BEGIN Records for the task
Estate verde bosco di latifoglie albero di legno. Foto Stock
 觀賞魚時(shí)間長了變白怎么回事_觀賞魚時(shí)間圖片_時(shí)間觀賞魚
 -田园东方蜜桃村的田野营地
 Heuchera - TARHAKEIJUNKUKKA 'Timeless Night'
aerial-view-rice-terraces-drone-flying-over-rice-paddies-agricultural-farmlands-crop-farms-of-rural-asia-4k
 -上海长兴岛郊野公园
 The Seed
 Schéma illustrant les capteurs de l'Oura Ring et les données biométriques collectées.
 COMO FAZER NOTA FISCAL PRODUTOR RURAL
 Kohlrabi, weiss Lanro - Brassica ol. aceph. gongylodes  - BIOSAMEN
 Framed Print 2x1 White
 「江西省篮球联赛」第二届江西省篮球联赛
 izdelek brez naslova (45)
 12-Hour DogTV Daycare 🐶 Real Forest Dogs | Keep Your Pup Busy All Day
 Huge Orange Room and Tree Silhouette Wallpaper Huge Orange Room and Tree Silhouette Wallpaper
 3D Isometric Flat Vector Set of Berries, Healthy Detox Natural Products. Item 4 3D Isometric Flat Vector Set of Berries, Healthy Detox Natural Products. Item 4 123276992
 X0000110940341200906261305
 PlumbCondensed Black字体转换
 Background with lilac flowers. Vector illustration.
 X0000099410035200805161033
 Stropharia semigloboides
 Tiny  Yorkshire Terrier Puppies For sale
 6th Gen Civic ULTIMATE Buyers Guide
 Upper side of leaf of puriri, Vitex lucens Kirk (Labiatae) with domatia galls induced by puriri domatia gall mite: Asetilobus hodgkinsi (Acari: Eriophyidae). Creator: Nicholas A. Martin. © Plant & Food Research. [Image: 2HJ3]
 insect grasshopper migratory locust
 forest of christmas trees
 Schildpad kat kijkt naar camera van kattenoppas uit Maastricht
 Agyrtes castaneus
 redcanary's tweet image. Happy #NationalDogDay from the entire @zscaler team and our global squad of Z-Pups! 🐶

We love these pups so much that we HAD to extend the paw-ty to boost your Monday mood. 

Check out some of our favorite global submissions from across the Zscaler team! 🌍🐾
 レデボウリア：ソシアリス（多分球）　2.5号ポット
END Records for the task
**Prompt:** An exact copy is needed of the lines from the one containing "We love these" through the end of the records.

**Written response:**
We love these pups so much that we HAD to extend the paw-ty to boost your Monday mood. 

Check out some of our favorite global submissions from across the Zscaler team! 🌍🐾
 レデボウリア：ソシアリス（多分球）　2.5号ポット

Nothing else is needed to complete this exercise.